Wednesday, June 23, 2010
Eric Goes to the Mayor
Interviewing a politician on his way out of office is like being a vulture laughing over the carrion. The tendency for schadenfreude is rife, yet there’s also a tinge of sadness in watching someone exit defeated.
Ocean City's mayor is leaving office June 30 on the eve of a new administration that will take power the following day. With only a week remaining, the mayor reclined in a leather swivel chair behind an immense conference table in his Egg Harbor Township law firm and reflected on the past four years.
The mayor’s critics treated him like he was an amalgamation of Nixon and Voldemort. They called him a liar and said he was trying to stifle dissent, that he was skirting the pay to play law and that he was colluding with a lumber company to embarrass council when rainforest wood for the Boardwalk wasn’t delivered on time.
If you talked to anyone who hated him, they said he was using lawyering strategies to argue and persuade his way through issues and not cooperate with council or the public.
To them, it was all about the mayor winning the argument. Everything else was political theater.
His critics circled the wagons and just pounded on him. Instead of accepting the regular bullshit spewing from City Hall, they questioned motives, produced documents and brought to light what the administration didn’t want the public to see.
A perception was that his administration was so overzealous in keeping shit hidden that it changed the rates for public access to records under the Open Public Records Act. Though the fees were lowered after a citizen filed a complaint, the stench still hovered in the air.
He did accomplish the things he set out to. He got council to pass a series of zoning ordinances that changed building density in residential and commercial areas. He’s credited with many aesthetic improvements in town, and a movement to redesign the downtown commercial district as a more visually-attractive place to shop.
Yet despite these accomplishments, he rubbed people the wrong way. One criticism was that he took no prisoners and had a strong-arm approach when it came to his own agenda. Not in any brutish sense, but one of intellectual wordplay, logical gymnastics and legal maneuvering. He would often argue with council, somewhat disparagingly, jabbing them with the tenacity of a prosecutor.
He was a keen administrator who knew how to get grants and other funding and to give his town a financial advantage. Where other towns were barely making it, Ocean City rested comfortably or nearly as comfortably as it could during a financial slump.
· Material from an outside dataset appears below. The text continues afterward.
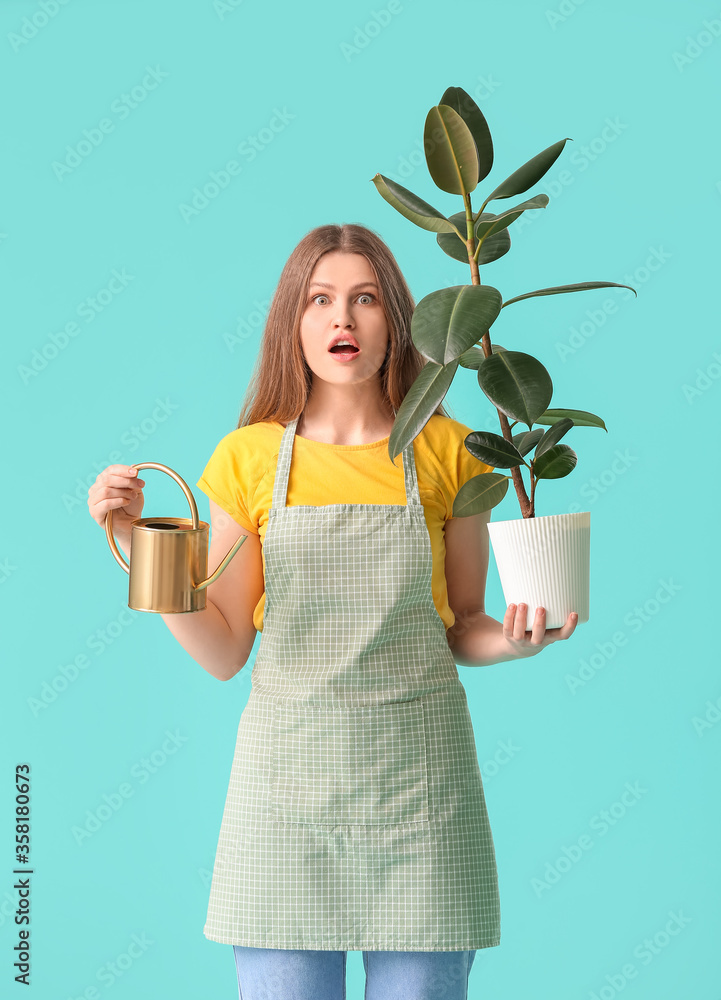 带着喷壶和彩色背景的室内植物，让一位年轻女士大吃一惊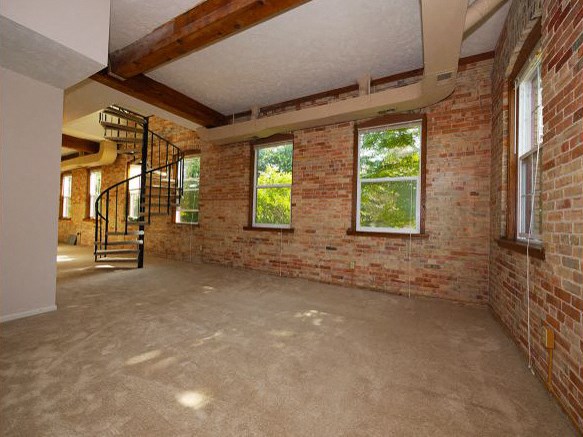 an empty brick room with a spiral staircase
He was like the captain of a runaway ship who lashed himself to the wheel, steering it away from the jagged rocks while his critics cowered in the crows’ nest warning of impending danger.
I really think he loved this town. I think he cared about its people and its future. That’s one area where his critics can go suck it. He wasn’t as aloof or apathetic as people portrayed him.
I saw how he handled himself with residents and guests over the years and I think he really wasn’t a touchy-feely politician. So be it if he was uptight. That’s Ocean City for you.
I can’t help but feel that this is somehow a Shakespearean tragedy, the tale of a proud king who wouldn’t mollycoddle his subjects but ruled with cold distance and absolute authority. Along the way the king faltered and instead of showing humility, was overtaken by hubris and ego.
One thing you can say about him; he stuck to his guns. He wasn’t indecisive and hated to lose.
After I had shut the recorder off, the mayor confided in me, “You know, the one thing I regret was that you and I never really got a chance to know each other. That’s unfortunate. We never really communicated.”
Probably because you tried to get me fired by ratting this blog out to my editor and accused me of bias because my landlord was one of your biggest critics, I thought.
“But you never invited me over for coffee or cake,” I said, paraphrasing Brando in The Godfather. I’m always good for movie references.
“Maybe we could play squash or badminton together,” I suggested.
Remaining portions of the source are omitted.